**Problem:**
Everything in the listing should be transcribed exactly, apart from the pictures.

**Stored data:**
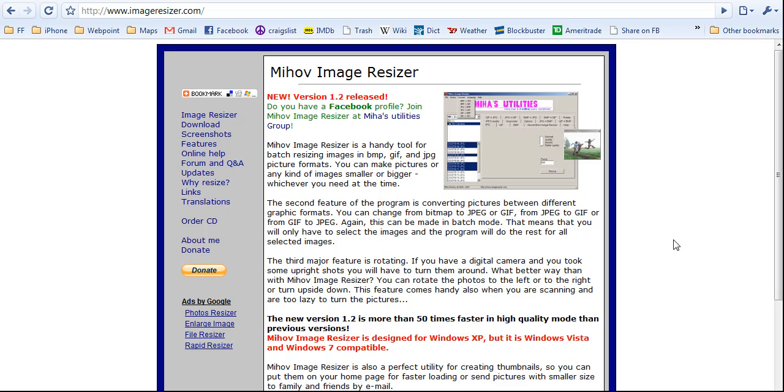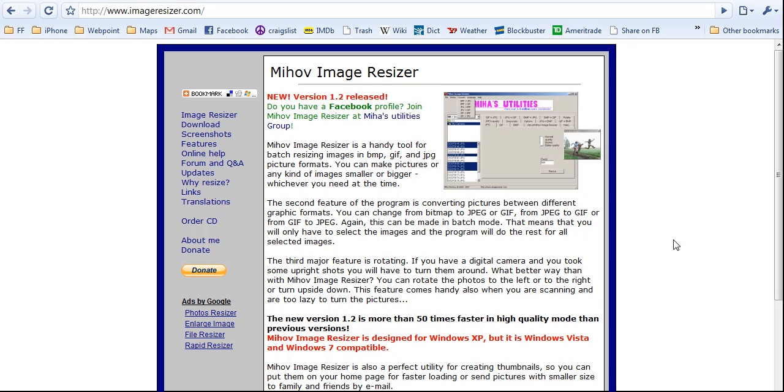Hey, this is Michael, the iPhoneAppReviews.net guy, and in this tutorial, I am going to show you how to batch resize or batch edit images. This is useful because some applications are landscape only, and rotating a bunch of images 90 degrees sucks, so here's an easier way to do that.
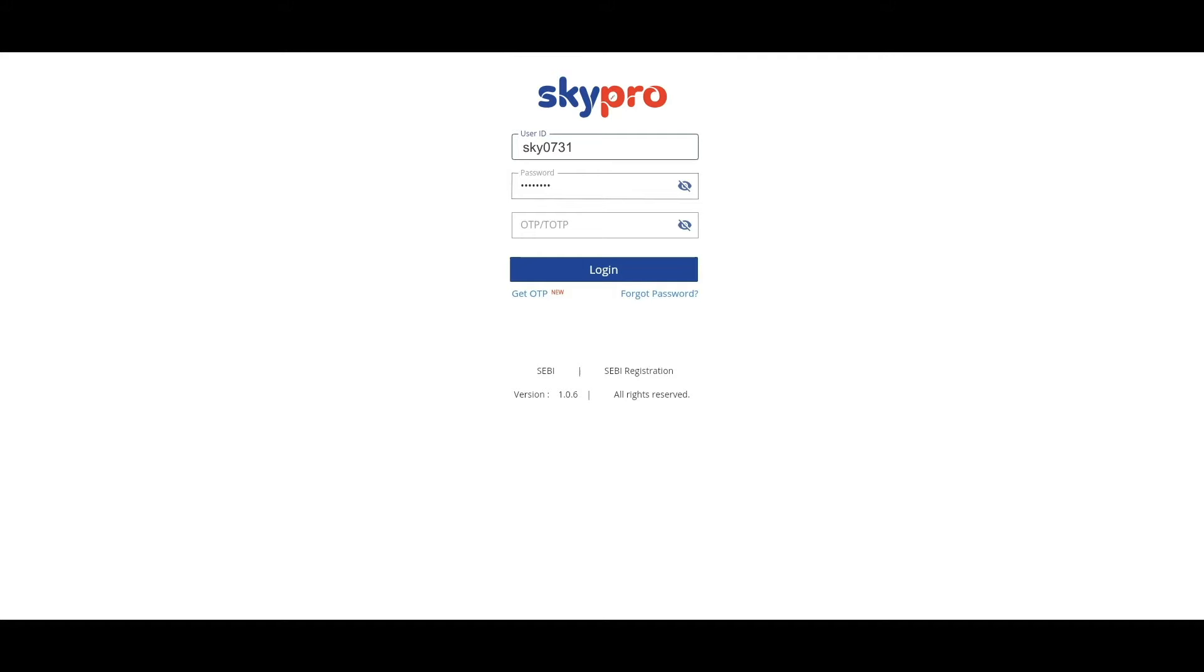As said in the previous video, if you need to know the two-factor authentication procedure, click the link in the description box below. Now back to the SkyPro login page. After entering the user ID, password, and the TOTP,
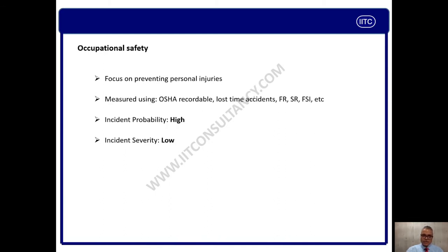Normally, occupational accidents are high in probability — they are always in high numbers. That means accident frequencies are more. But severity, compared to process safety, is low. I do not say it is low in terms of fatalities — for example, any person working at height, if he falls, he may die unfortunately. But in general, the severity of occupational safety related accidents is low.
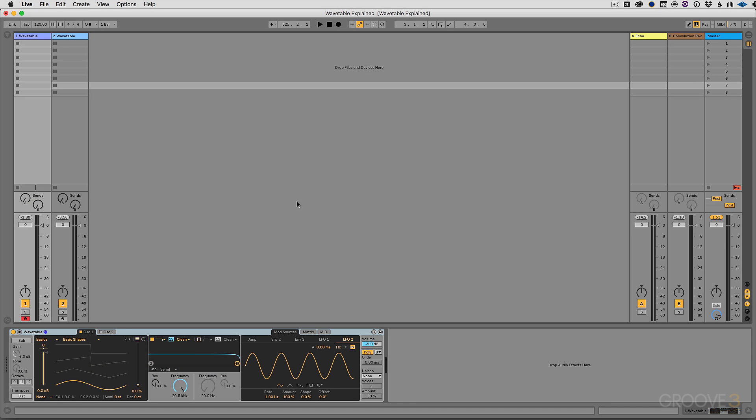Hey everyone, thank you so much for joining me. This is Ableton's Wavetable Explained. My name is Scott Dugan and I am an Ableton Certified Trainer from Atlanta, Georgia.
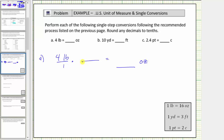We form the unit fraction using the conversion one pound equals sixteen ounces. The key is to write the unit fraction so the units of pounds simplify out or simplify to one. So because we have pounds in the numerator, if we want pounds to simplify out, we must have pounds in the denominator of the unit fraction. So we have pounds in the denominator, and because the conversion is one pound equals sixteen ounces, we have ounces in the numerator, and the unit fraction is sixteen ounces divided by one pound.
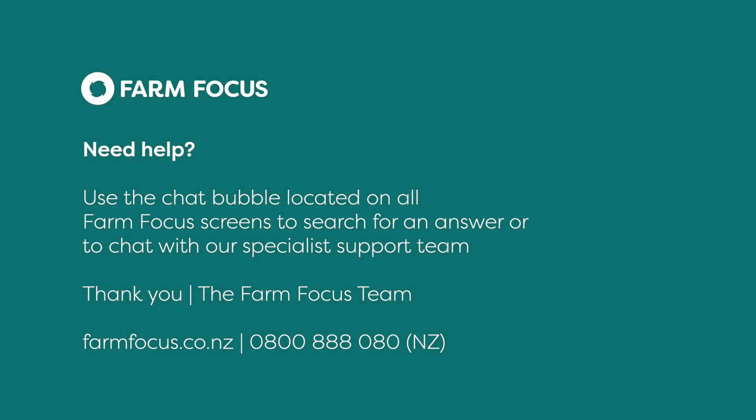If you need any further information, please check out our Help Center or use the chat bubble to contact the team. Thank you.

**Final answer:**
Hey, this is Michael, the iPhoneAppReviews.net guy, and in this tutorial, I am going to show you how to batch resize or batch edit images. This is useful because some applications are landscape only, and rotating a bunch of images 90 degrees sucks, so here's an easier way to do that.
As said in the previous video, if you need to know the two-factor authentication procedure, click the link in the description box below. Now back to the SkyPro login page. After entering the user ID, password, and the TOTP,
Normally, occupational accidents are high in probability — they are always in high numbers. That means accident frequencies are more. But severity, compared to process safety, is low. I do not say it is low in terms of fatalities — for example, any person working at height, if he falls, he may die unfortunately. But in general, the severity of occupational safety related accidents is low.
Hey everyone, thank you so much for joining me. This is Ableton's Wavetable Explained. My name is Scott Dugan and I am an Ableton Certified Trainer from Atlanta, Georgia.
We form the unit fraction using the conversion one pound equals sixteen ounces. The key is to write the unit fraction so the units of pounds simplify out or simplify to one. So because we have pounds in the numerator, if we want pounds to simplify out, we must have pounds in the denominator of the unit fraction. So we have pounds in the denominator, and because the conversion is one pound equals sixteen ounces, we have ounces in the numerator, and the unit fraction is sixteen ounces divided by one pound.
If you need any further information, please check out our Help Center or use the chat bubble to contact the team. Thank you.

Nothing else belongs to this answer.